Emerging markets absolutely affect developed countries, said Ron Shepherd, director of membership and business development at FCIB (The Finance, Credit & International Business Association). "China's slowing economy, their stock market selloff and the dramatic drop in global commodity prices are causing funds to flow out of emerging market countries and their currencies to plummet, creating issues of confidence for the global economy," Shepherd said. In developed economies, it will come down to consumer spending, "driven by how consumers feel about the impact of these events on the security of their employment and the impact on their nest eggs. If financial markets continue to sell off and companies begin to adjust, then consumers could postpone planned spending and elect to save or pay down debt, which could reduce consumer spending, which in the U.S. is 70% of GDP."
An Aug. 21 Wells Fargo commentary takes a look at the issue from the trade perspective by posing the question of whether slower growth in many developing countries threatens the economic outlook for advanced economies.
"The economic heft of the developing world ... accounted for about 20% of global GDP at the turn of the century," states Global Economist Jay Bryson in the report. Over the past 15 years, that ratio has nearly doubled, Bryson pointed out. Developing countries also receive about 25% of developed countries' exports, up from 17% in 2000.
However, "simple export-to-GDP ratios are not the best way to measure the economic effect that one country has on another economy," he explained. "What we really want to know is how much effect final spending in a given country has on value added in another country."
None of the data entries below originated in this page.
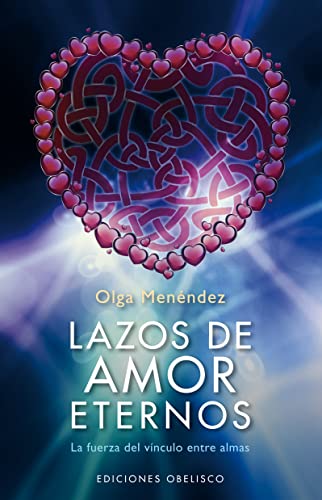 9788497778060: Lazos de amor eternos: La Fuerza del Vinculo Entre Almas (PSICOLOGA)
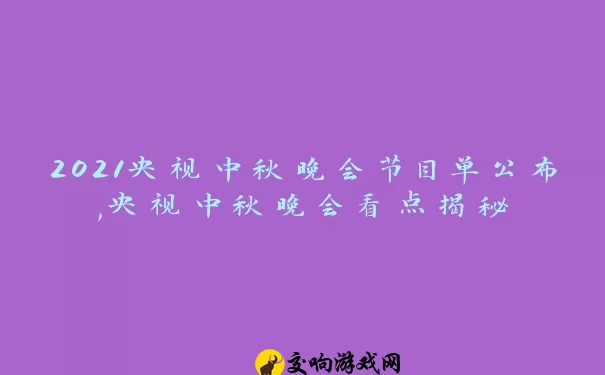 2021央视中秋晚会节目单公布,央视中秋晚会看点揭秘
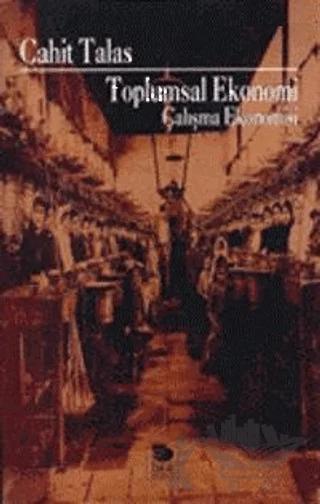 Toplumsal Ekonomi ( Çalışma Ekonomisi )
Based on Wells Fargo's analysis, the firm found that emerging countries didn't have much affect on developed economies 20 years ago. The most recent data available (from 2011) suggest "the proportion of value added in advanced economies that was attributable to final spending in developing countries had nearly doubled to 6%."
"Domestic spending accounts for the lion's share of value added in most economies," Bryson said, but "the economic exposure of advanced economies to final spending in developing countries has increased over the past 20 years."
Although 6% might not seem like a large amount, "most advanced economies are growing at a slower pace today than they were when the last wave of economic and financial crises swept through the developing world in the late 1990s," he said. Thus, advanced economies "can ill afford much of a negative shock from slower growth in final spending in the developing world."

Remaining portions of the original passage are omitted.